When looking at a Managed Service Program and its supplier base, the high importance level of a strong partnership between these two entities, as they support a common client, is both logical and critical.  So it is really critical to “Think Big Picture” beyond who is your MSP solution provider….you also have to understand the caliber of suppliers and the state of the actual supplier partnerships the MSP provider brings with them.

Many times, a supplier in one common client may be found in multiple client accounts of MSP providers. Occasionally, a top performing supplier with the ability to provide the quality talent a customer needs may only be found in one client.  MSP Supplier participation lists at customer locations typically have been “built” by absorbing the current supplier base already on the ground at a client. Unfortunately though, you can get some great suppliers included in a new MSP solution, you can also get some not so good. You can, and often do, get the good, the bad and the ugly.

But what if a MSP provider already knows all about the bad and the ugly supplier characters out there in the marketplace?  Giving a new client the ability to avoid bad and ugly choices or changing those choices in a new MSP engagement? What if, through a stringent screening and qualification process, the supplier with the most competitive rates, the strongest ability in staffing capabilities and the best reach for a particular client geographic coverage areas walk in with the MSP provider?

A triangular benefit occurs: The MSP provider smoothly implementing a supplier program with companies familiar with its processes; suppliers gaining a new client to their portfolio they know they have the ability to support; and, a client that gets a seamless transition in supporting their contingent hiring!
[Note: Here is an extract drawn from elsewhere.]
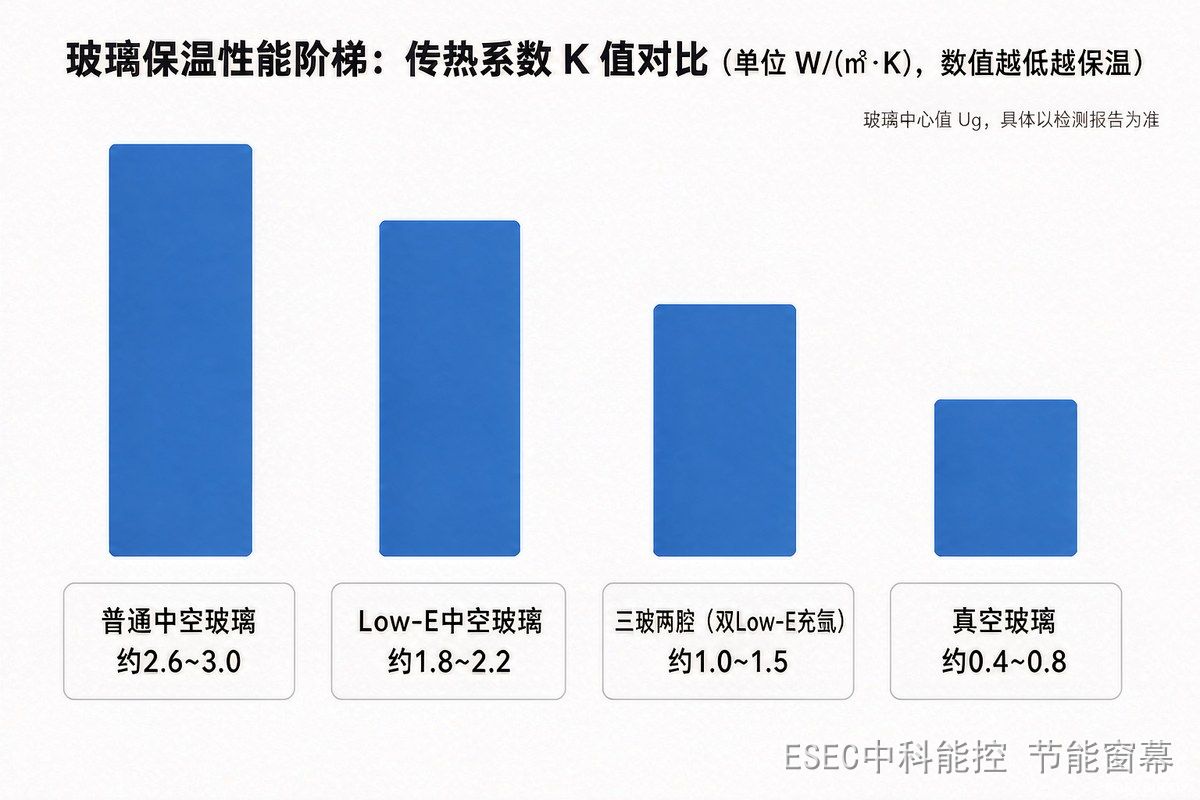 玻璃保温性能阶梯:传热系数K值对比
Furthermore, a stronger and longer lasting partnership between MSP supplier and its supplier partners develops outside of just an individual client, with acknowledgement and reward tied together by a long-term partnership focused on the clients’ needs and requirements.  Leading Japanese business organizations have, for decades, managed successful long-term, high quality partnerships thru what is know as “keiretsu”.  Maybe a little of this long-term partnership philosophy needs to be the standard operating practice delivered by solutions in the MSP industry today.  And clients need to more deeply evaluate the “keiretsu” depth of the MSP’s supplier partnerships.

Think Big Picture…..The MSP solution is only as good as the partnership management capability of your MSP provider and the caliber of suppliers willing to do business with them, long-term.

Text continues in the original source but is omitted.